It’s all about Raising the Red: Paintings boost United Way
Oak Bay artist Marion Evamy just turned 55 and her birthday wish is that the 20 paintings she has donated to the United Way fundraising campaign this month will net the organization $5,500.
Several of her renditions of roses in vases sold at a reception at the Red Art Gallery she co-owns. Another $2,000 was raised through bids for lunch for 10 at the Empress Hotel and a private boat charter trip led by former Oak Bay mayor Chris Causton.
The bidding ended at $1,750, but winner Dick Auchinleck said he didn’t like the feeling he was “getting a bargain” at a charitable fundraiser and upped his bid.

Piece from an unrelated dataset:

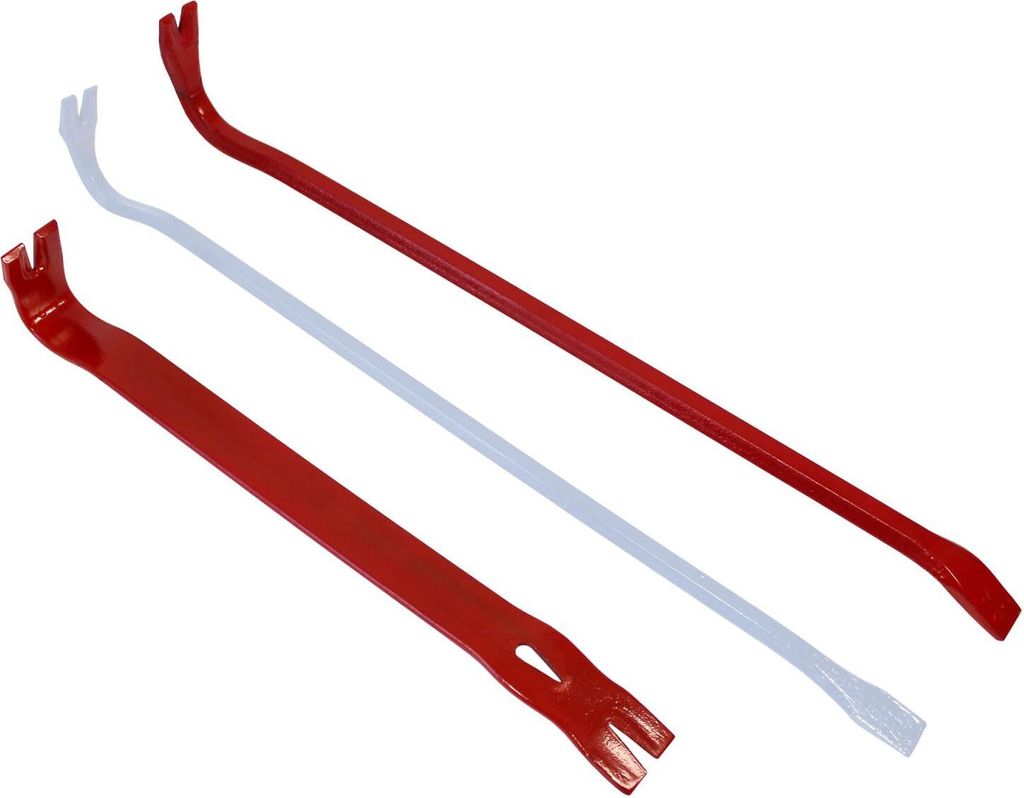 BOOMET Brecheisen 2er Set 435mm + 600mm heavy · Robustes Nageleisen aus Stahl für präzises Arbeiten & effizientes Hebeln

The event was part of Victoria United Way’s outreach Raise the Red February campaign aimed at con- necting new partners with the organization, which funds 111 local programs and non-profits and helped more than 80,000 people last year.
The United Way raised $5.8 million in 2014 but did not set a monetary goal for the 2015-16 campaign that began last fall, said CEO Patricia Jelinski.
Instead, the goal is to boost contributor numbers to 13,000 from 11,000 and reach people not part of workplace fundraising and other traditional approaches.
“We’re doing well,” Jelinski said, but maybe just “a little bit behind” the funds raised a year ago at the same time.
“I think we’re tracking well, but, of course, the economy has been challenging,” she said.
“It’s just really important that we continue to engage people in the cause.”
February’s Raise the Red campaign highlights the year-round work and response of the United Way, Jelinski said.
She was thrilled with the contributions from the event hosted at Evamy’s Red Art Gallery, and Evamy told the redbedecked crowd she was honoured to take part.
Arts and compassion go together, the artist said, and “compassion is really what the United Way is about.”
Art helps people suspend judgment of the perspectives of others, she said, engage people’s emotions and lead to empathy even among those with radically different world views.
“Art can mitigate the numbing effect created by the glut of information we are faced with today, and motivate people to turn thinking into doing.”